Store our contextual parameters and loop over token list: 

In [31]:
# make a blank list to store results
contexts_of_word_of_interest = []

# store context paramater
context = 1

# loop over line_tokens list, retrieve the index and the value of each iteration of word_of_interest
for num, line in enumerate(line_tokens, start=0):
    if line.count(word_of_interest)>0:
        # append the contextualized index according to the context parameters
        start = num - context
        # add one to the top because Python slicing is exclusive on the top end and inclusive on the bottom.
        end = num + context + 1
        line_tokens[start:end]
        contexts_of_word_of_interest.append(line_tokens[start:end])

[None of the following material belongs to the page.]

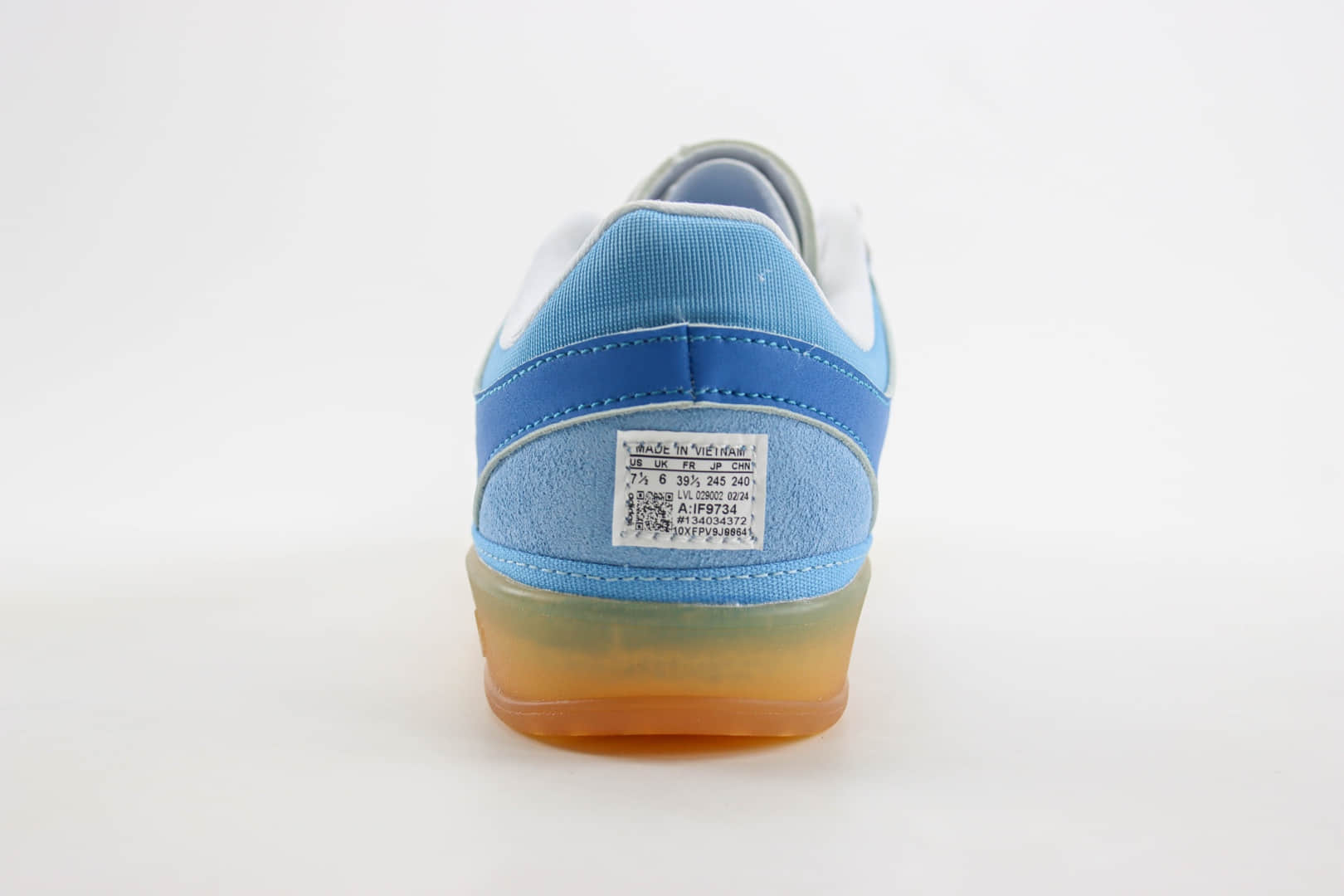 阿迪达斯Bad Bunny x adidas Originals Gazelle INdoor纯原版本坏痞兔联名蓝白色低帮板鞋 莆田阿迪达斯工厂 货号：IF9734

We now have a list of lists, which can be confusing. Each item in the list contexts_of_word_of_interest represents a new context, each instance in which the word 'Apollo' shows up in our text. And for each context, we have a series of line groupings. So the center of the context contains the line group in which "Apollo" occurs, and we also get a window of the text with a specified number of line groupings on either side. For ease of reading, the following print statement using '======' is helpful for dividing the output. 

In [32]:
for line in contexts_of_word_of_interest:
    print('======')
    print(line)

[['Achilles', "'", 'wrath', ',', 'to', 'Greece', 'the', 'direful', 'spring', 'Of', 'woes', 'unnumber', "'d", ',', 'heavenly', 'goddess', ',', 'sing', '!', 'That', 'wrath', 'which', 'hurl', "'d", 'to', 'Pluto', "'s", 'gloomy', 'reign', 'The', 'souls', 'of', 'mighty', 'chiefs', 'untimely', 'slain', ';', 'Whose', 'limbs', 'unburied', 'on', 'the', 'naked', 'shore', ',', 'Devouring', 'dogs', 'and', 'hungry', 'vultures', 'tore.Vultures', ':', 'Pope', 'is', 'more', 'accurate', 'than', 'the', 'poet', 'he', 'translates', ',', 'for', 'Homer', 'writes', '``', 'a', 'prey', 'to', 'dogs', 'and', 'to', 'all', 'kinds', 'of', 'birds', '.', 'But', 'all', 'kinds', 'of', 'birds', 'are', 'not', 'carnivorous', '.', 'Since', 'great', 'Achilles', 'and', 'Atrides', 'strove', ',', 'Such', 'was', 'the', 'sovereign', 'doom', ',', 'and', 'such', 'the', 'will', 'of', 'Jove', '!', '—i.e', '.', 'during', 'the', 'whole', 'time', 'of', 'their', 'striving', 'the', 'will', 'of', 'Jove', 'was', 'being', 'gradually', 'acco

Something like this can be useful for pulling apart the text into smaller units for analysis, using the power of TEI to get a closer look at elements of the text than might otherwise be legible to Python. It can also be useful for facilitating levels of reading that don't easily correspond to structural elements already represented in the text. We covered in other chapters how you might divide a text into equal units or chapters based on chapter headings. Methods like this can help you get a rough cut of "passages that might be relevant to the study of the character Apollo" by using the affordances of TEI.